When you write out the material, keep every line exactly as it is.

-- ENTRIES PROVIDED follows --

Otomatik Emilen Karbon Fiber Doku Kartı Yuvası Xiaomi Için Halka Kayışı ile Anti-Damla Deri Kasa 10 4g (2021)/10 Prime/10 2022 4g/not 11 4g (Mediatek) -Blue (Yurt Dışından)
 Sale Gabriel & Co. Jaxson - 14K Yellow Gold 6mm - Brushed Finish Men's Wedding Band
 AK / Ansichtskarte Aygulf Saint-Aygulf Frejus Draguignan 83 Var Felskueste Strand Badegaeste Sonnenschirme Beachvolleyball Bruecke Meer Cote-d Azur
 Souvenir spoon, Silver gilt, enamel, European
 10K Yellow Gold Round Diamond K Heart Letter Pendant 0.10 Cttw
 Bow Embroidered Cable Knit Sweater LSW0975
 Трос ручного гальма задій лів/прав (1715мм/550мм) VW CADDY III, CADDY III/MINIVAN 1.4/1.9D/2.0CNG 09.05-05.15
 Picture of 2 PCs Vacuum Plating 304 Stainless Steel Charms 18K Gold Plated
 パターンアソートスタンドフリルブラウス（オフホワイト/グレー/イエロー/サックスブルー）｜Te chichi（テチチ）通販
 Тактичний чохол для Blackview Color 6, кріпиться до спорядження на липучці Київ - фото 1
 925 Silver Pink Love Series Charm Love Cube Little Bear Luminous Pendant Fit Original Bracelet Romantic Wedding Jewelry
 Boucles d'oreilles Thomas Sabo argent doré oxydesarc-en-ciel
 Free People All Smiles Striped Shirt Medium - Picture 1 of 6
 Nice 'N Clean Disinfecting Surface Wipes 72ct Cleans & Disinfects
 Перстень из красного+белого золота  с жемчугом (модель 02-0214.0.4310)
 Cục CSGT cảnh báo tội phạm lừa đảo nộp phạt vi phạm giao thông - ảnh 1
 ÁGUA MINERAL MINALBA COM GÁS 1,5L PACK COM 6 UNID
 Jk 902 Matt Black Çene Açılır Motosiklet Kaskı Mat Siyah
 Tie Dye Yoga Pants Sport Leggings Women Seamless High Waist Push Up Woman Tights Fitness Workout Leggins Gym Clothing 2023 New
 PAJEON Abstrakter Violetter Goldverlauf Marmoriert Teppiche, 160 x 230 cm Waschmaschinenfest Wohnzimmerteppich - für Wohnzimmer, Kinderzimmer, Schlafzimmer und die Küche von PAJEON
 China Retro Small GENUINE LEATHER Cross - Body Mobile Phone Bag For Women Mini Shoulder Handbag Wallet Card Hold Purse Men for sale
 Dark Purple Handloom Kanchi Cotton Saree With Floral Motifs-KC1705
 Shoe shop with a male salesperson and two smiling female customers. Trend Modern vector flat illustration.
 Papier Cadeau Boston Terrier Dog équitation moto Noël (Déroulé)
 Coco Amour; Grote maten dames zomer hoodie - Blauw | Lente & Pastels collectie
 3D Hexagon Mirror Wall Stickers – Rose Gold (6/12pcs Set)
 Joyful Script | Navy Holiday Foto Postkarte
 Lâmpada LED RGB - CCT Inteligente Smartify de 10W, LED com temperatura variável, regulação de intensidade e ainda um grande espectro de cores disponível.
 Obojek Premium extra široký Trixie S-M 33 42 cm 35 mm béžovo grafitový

-- ENTRIES PROVIDED concluded --

### ANSWER SPACE
Otomatik Emilen Karbon Fiber Doku Kartı Yuvası Xiaomi Için Halka Kayışı ile Anti-Damla Deri Kasa 10 4g (2021)/10 Prime/10 2022 4g/not 11 4g (Mediatek) -Blue (Yurt Dışından)
 Sale Gabriel & Co. Jaxson - 14K Yellow Gold 6mm - Brushed Finish Men's Wedding Band
 AK / Ansichtskarte Aygulf Saint-Aygulf Frejus Draguignan 83 Var Felskueste Strand Badegaeste Sonnenschirme Beachvolleyball Bruecke Meer Cote-d Azur
 Souvenir spoon, Silver gilt, enamel, European
 10K Yellow Gold Round Diamond K Heart Letter Pendant 0.10 Cttw
 Bow Embroidered Cable Knit Sweater LSW0975
 Трос ручного гальма задій лів/прав (1715мм/550мм) VW CADDY III, CADDY III/MINIVAN 1.4/1.9D/2.0CNG 09.05-05.15
 Picture of 2 PCs Vacuum Plating 304 Stainless Steel Charms 18K Gold Plated
 パターンアソートスタンドフリルブラウス（オフホワイト/グレー/イエロー/サックスブルー）｜Te chichi（テチチ）通販
 Тактичний чохол для Blackview Color 6, кріпиться до спорядження на липучці Київ - фото 1
 925 Silver Pink Love Series Charm Love Cube Little Bear Luminous Pendant Fit Original Bracelet Romantic Wedding Jewelry
 Boucles d'oreilles Thomas Sabo argent doré oxydesarc-en-ciel
 Free People All Smiles Striped Shirt Medium - Picture 1 of 6
 Nice 'N Clean Disinfecting Surface Wipes 72ct Cleans & Disinfects
 Перстень из красного+белого золота  с жемчугом (модель 02-0214.0.4310)
 Cục CSGT cảnh báo tội phạm lừa đảo nộp phạt vi phạm giao thông - ảnh 1
 ÁGUA MINERAL MINALBA COM GÁS 1,5L PACK COM 6 UNID
 Jk 902 Matt Black Çene Açılır Motosiklet Kaskı Mat Siyah
 Tie Dye Yoga Pants Sport Leggings Women Seamless High Waist Push Up Woman Tights Fitness Workout Leggins Gym Clothing 2023 New
 PAJEON Abstrakter Violetter Goldverlauf Marmoriert Teppiche, 160 x 230 cm Waschmaschinenfest Wohnzimmerteppich - für Wohnzimmer, Kinderzimmer, Schlafzimmer und die Küche von PAJEON
 China Retro Small GENUINE LEATHER Cross - Body Mobile Phone Bag For Women Mini Shoulder Handbag Wallet Card Hold Purse Men for sale
 Dark Purple Handloom Kanchi Cotton Saree With Floral Motifs-KC1705
 Shoe shop with a male salesperson and two smiling female customers. Trend Modern vector flat illustration.
 Papier Cadeau Boston Terrier Dog équitation moto Noël (Déroulé)
 Coco Amour; Grote maten dames zomer hoodie - Blauw | Lente & Pastels collectie
 3D Hexagon Mirror Wall Stickers – Rose Gold (6/12pcs Set)
 Joyful Script | Navy Holiday Foto Postkarte
 Lâmpada LED RGB - CCT Inteligente Smartify de 10W, LED com temperatura variável, regulação de intensidade e ainda um grande espectro de cores disponível.
 Obojek Premium extra široký Trixie S-M 33 42 cm 35 mm béžovo grafitový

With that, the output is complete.